Kuasa hukum mengatakan, dari laporan yang masuk, mayoritas korban mengalami pelecehan dalam bentuk chat mesum dan ajakan phone sex. Ada beberapa yang mendekati pelecehan fisik. "Kami melihat pola untuk korban ini kebanyakan sama. Pola yang di Yogya, dia itu jualan buku dan bimbel dan itu korbannya kadang diajak ke kosan untuk mengambil buku atau untuk bimbel," imbuh Melia.



Dilansir Kumparan, salah satu penyintas dengan gamblang menceritakan pengalamannya dilecehkan terduga pelaku. Penyintas diwisuda bersama IM pada 2016, dan karenanya saling mengenal. Beberapa tahun kemudian, IM mengirim DM di Instagram ke penyintas. Obrolan dua kawan lama itu, yang berlanjut dengan telepon via WhatsApp, lambat laun berubah menjadi pemaksaan phone sex. "Ia memintaku untuk guling dengan posisi tertentu lalu dia menanyakan reaksinya. Aku semakin merasa ada yang tidak beres ketika aku diminta untuk memegang alat vitalku diiringi dengan kalimat-kalimat vulgar darinya."

IM, lewat postingan di akun Instagram pribadinya Kamis 30 April 2020, memberi klarifikasi. Dia membantah semua tuduhan soal pelecehan seksual. "Sebelum pemberitaan menyebar, tidak ada satu pun pihak yang menghubungi saya, meminta klarifikasi atau tabayyun, sehingga ketika berita tersebar secara cepat dan masif saya tidak punya kesempatan membela diri," ujarnya. Kini, kolom komentar di akun Instagram pribadi IM telah ditutup.

UII telah menghubungi IM lewat DM agar penyelidikan bisa segera dituntaskan. Kampus menilai klarifikasi sepihak di Instagram itu belum memadai. "UII mendorong IM untuk dapat menunjukkan iktikad baik dengan bersikap kooperatif, melakukan klarifikasi secara jujur," kata Syarif Nurhidayat.

Langkah UII, dengan mencabut gelar mahasiswa berprestasi dan membuat posko pendampingan, terhitung progresif. Merujuk laporan kolaborasi "Nama Baik Kampus" antara VICE, The Jakarta Post, dan Tirto.id tahun lalu, mayoritas universitas di Indonesia tidak punya keberanian memproses dugaan pelecehan maupun kekerasan seksual yang dilakukan dosen serta sesama mahasiswa.

Tak banyak tersedia regulasi soal penanganan kekerasan seksual di internal kampus. Sementara pemerintah dan kampus negeri kadang terbelenggu aturan ASN untuk memecat dosen yang melakukan kekerasan seksual.
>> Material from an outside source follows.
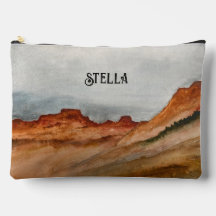 Watercolor Western Desert Landscape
Tim Nama Baik Kampus mendapat laporan dugaan pelecehan dan kekerasan seksual dari 29 kota dari 79 perguruan tinggi berbeda. Pelapor paling banyak berasal dari kota Semarang dan Yogyakarta. Selain itu, penyintas ragu melaporkan kasus yang mereka alami ke aparat. Survei daring yang dibuat Lentera Sintas Indonesia dan Magdalene.co pada 2016, menyatakan 93 persen penyintas kekerasan seksual di Indonesia tidak pernah melaporkan kasusnya ke aparat penegak hukum. Alasan mereka yang tidak melapor kebanyakan malu dan takut disalahkan.